Welches Tier erhält mehr Spendengelder: Ein Feldhase mit Mümmelnase oder die warzige Geburtshelferkröte? Die wissenschaftlich korrekte Antwort lautet: Die Kröte bräuchte das Geld eher, denn sie ist stärker bedroht. Doch die meisten Spenderinnen und Spender entscheiden anders, wie Untersuchungen zeigen: Sympathieträger bekommen deutlich mehr Geld gespendet als hässliche Tiere.

Schöne Tiere überleben heute eher
«Weil wir Menschen die Erde nach radikal umgestalten, haben wohl nur jene Tiere eine Zukunft, die auf unsere Hilfe zählen können. Diese Glücklichen sind eben solche, die bei uns positive Gefühle auslösen», sagt der Zoologe Daniel Frynta von der Prager Karls-Universität. Er hat soeben eine Studie zu dieser Thematik durchgeführt und mit Fotos untersucht, wie der Hase in unsere Herzen Eingang findet und weshalb die Kröte Abscheu erntet. Es entstand eine Art «Schönheitsranking» der Tiere.

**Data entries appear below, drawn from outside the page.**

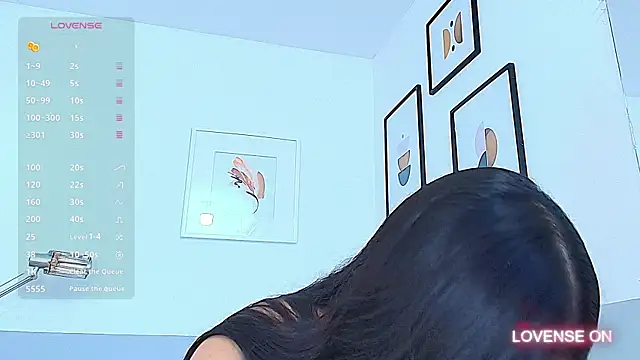 Snapshot of littlee_emilyy_ chatting on 12.04.24 littlee emilyy  online show from 12.04.24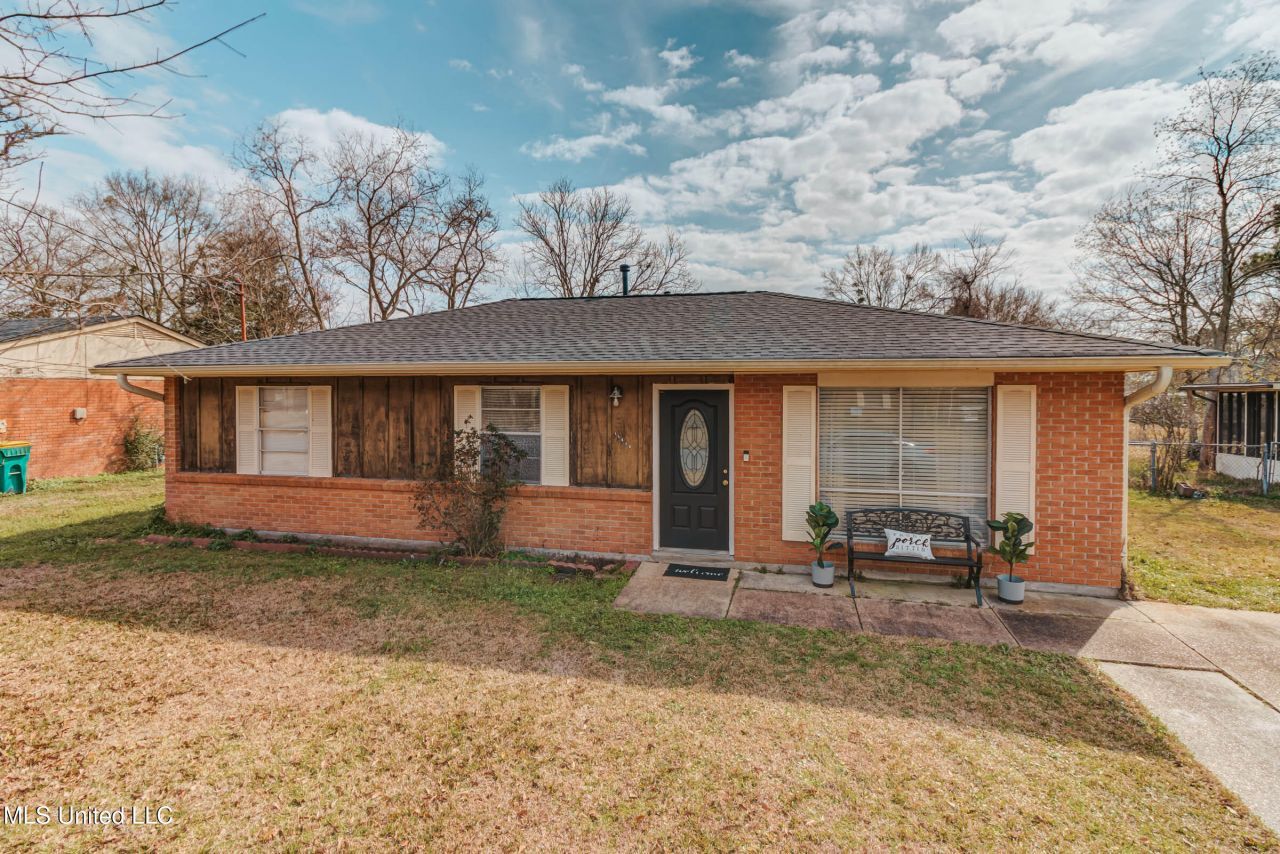 15829 Belmont Drive, Biloxi, MS 39532 Main Photo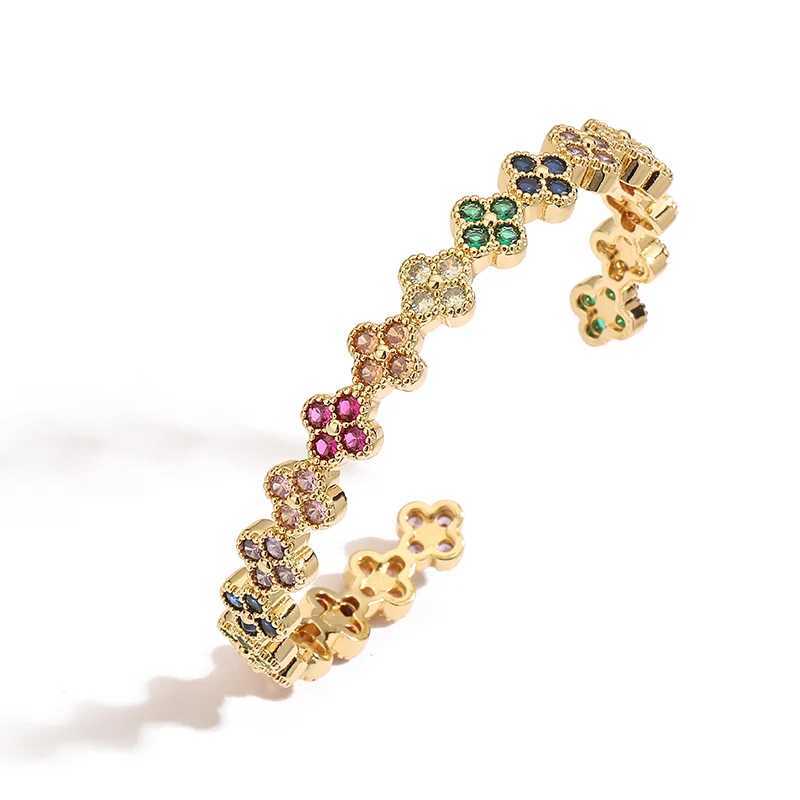 Bangle Hexing brass 18K gold-plated zirconia flower shaped adjustable bracelet suitable for women. H250217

Bunt gemustert gegen trübes Braun
Grosse Tiere wie Elefanten und solche, die uns ähnlich sind, etwa Schimpansen oder Gorillas, haben deutliche Vorteile. Schlangen haben es allgemein viel schwerer, unsere Sympathie zu erobern als Säugetiere und Vögel, aber auch innerhalb dieser Tierkategorie gibt es Unterschiede: Trüb-braune Reptilien sind ohne Chance, bunt Gemusterte schneiden besser ab. «Mein persönlicher Favorit in Sachen Hässlichkeit ist die braun-graue puerto-rikanische Boa», sagt Frynta. Sie bräuchte dringend Schutz, bekommt ihn mit ihrem unattraktiven Äusseren jedoch kaum.

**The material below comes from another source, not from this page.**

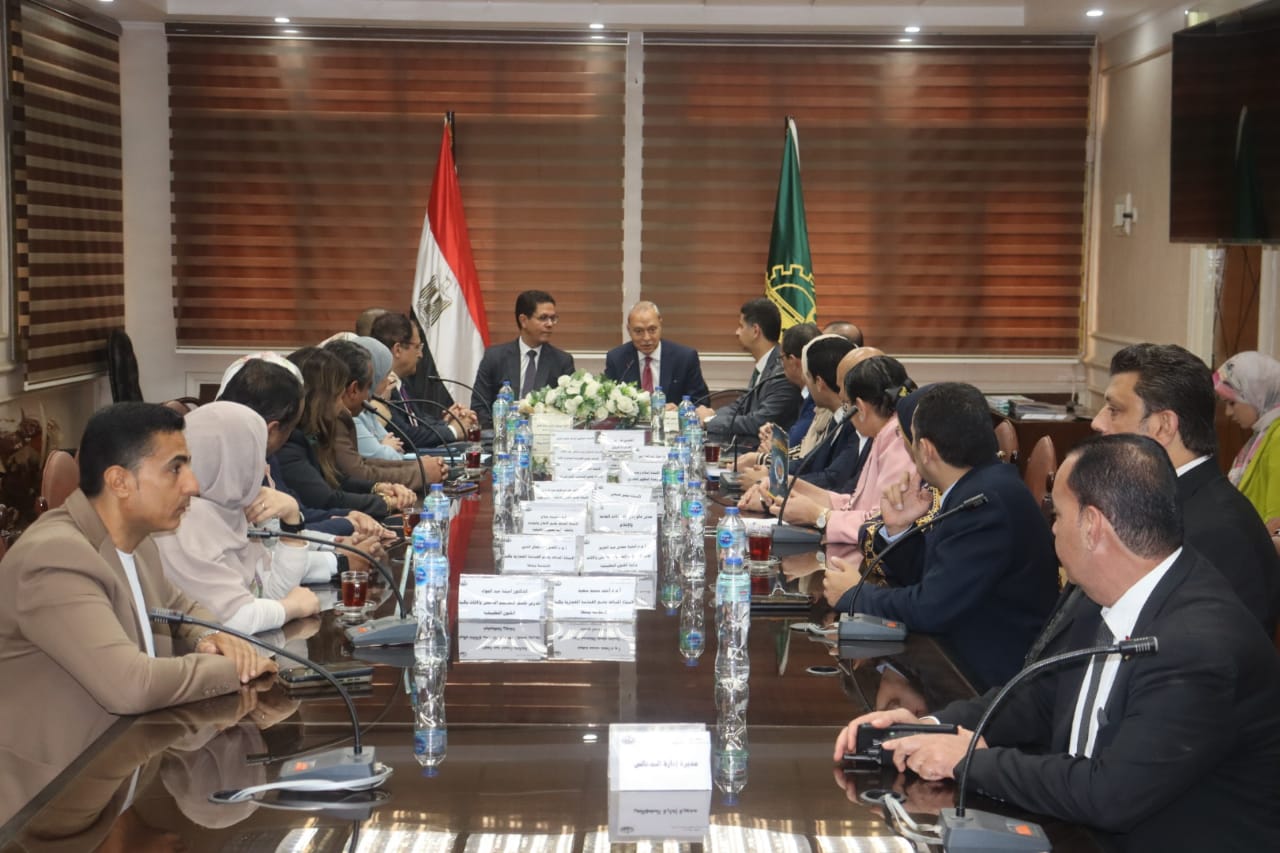 محافظ القليوبية ورئيس جامعة بنها يشهدان تسلم دليل تنفيذ الهوية البصرية للمحافظة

Neue Schönheitsvorstellungen sind gefragt
Dieses Problem hat auch die Zoologische Gesellschaft London erkannt und darum die Tierschutzinitiative «Edge» gegründet. Sie nimmt sich den Hässlichen und Vergessenen an. Ganz oben auf der Edge-Liste bedrohter Amphibien steht der Sagalla-Schleichlurch - ästhetisch gesehen ein hoffnungsloser Fall: Ein grau-braunes, schleimiges, beinloses Amphib, das nur auf den Sagalla-Hills, einem Hügelzug in Kenia, vorkommt. Aber eine Aufklärungskampagne für den Schleichlurch hat überraschend viel bewirkt. «Die lokale Bevölkerung hat die wurmartige Kreatur so richtig ins Herz geschlossen», sagt Carly Waterman von «Edge».